Only lines, not pictures: please repeat exactly the lines from the one with "For rent 3 bedrooms" through the end of the listing.

═══ Supplied material ═══

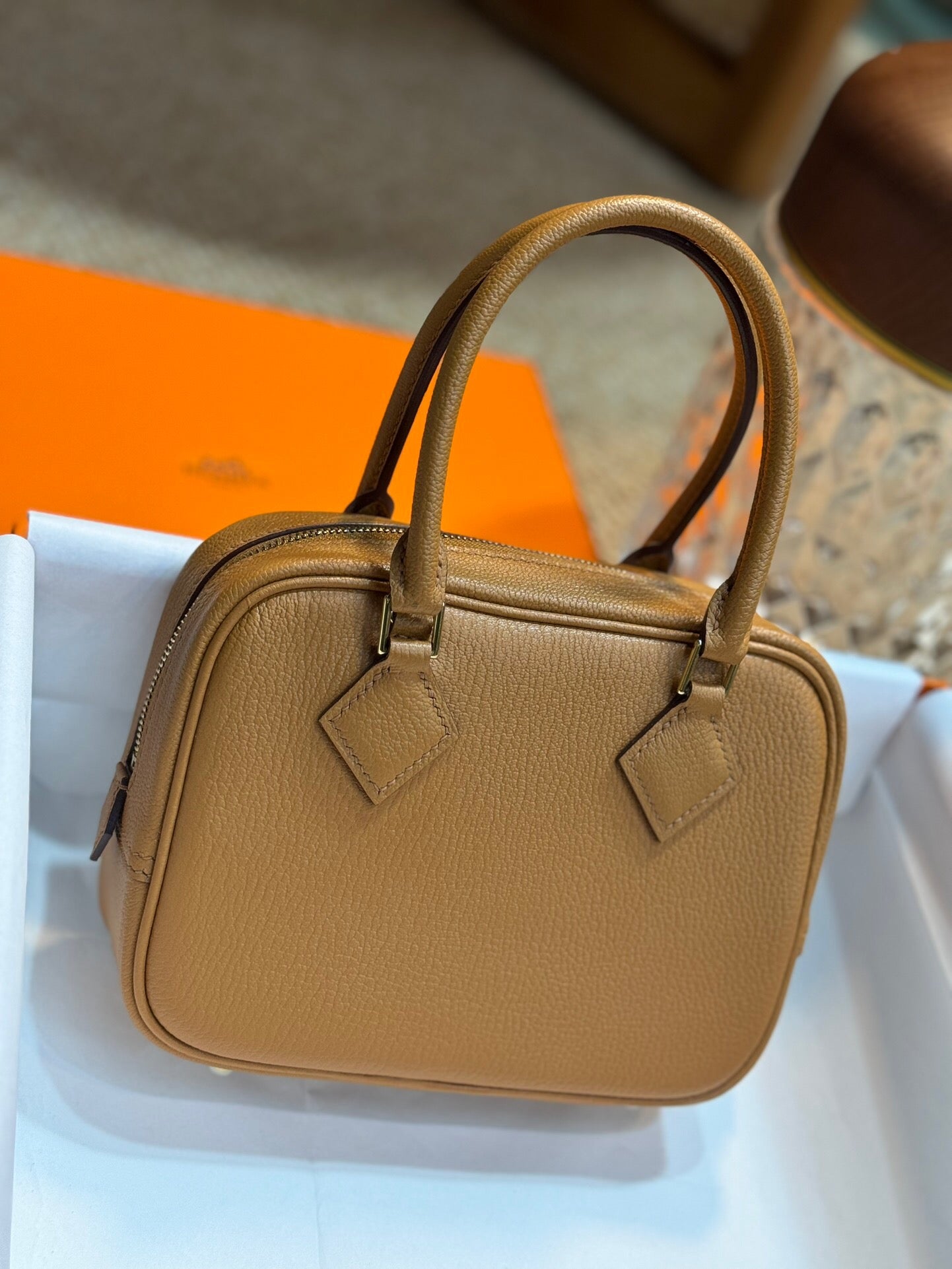 Glamorous Chains and Quilted Perfection in One Design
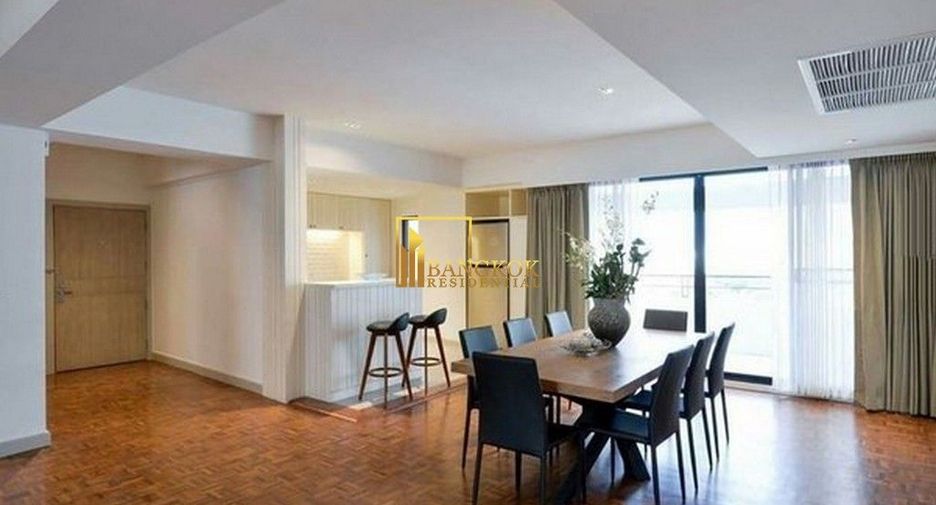 For rent 3 bedrooms apartment in Watthana, Bangkok
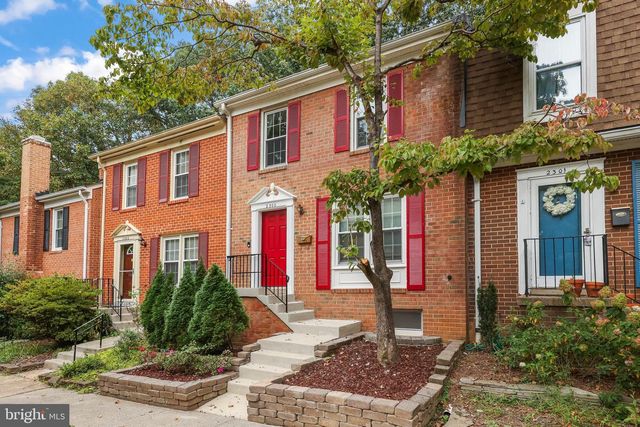 2300 HORSEFERRY CT, Reston, VA 20191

═══

== Your solution ==
 For rent 3 bedrooms apartment in Watthana, Bangkok
 2300 HORSEFERRY CT, Reston, VA 20191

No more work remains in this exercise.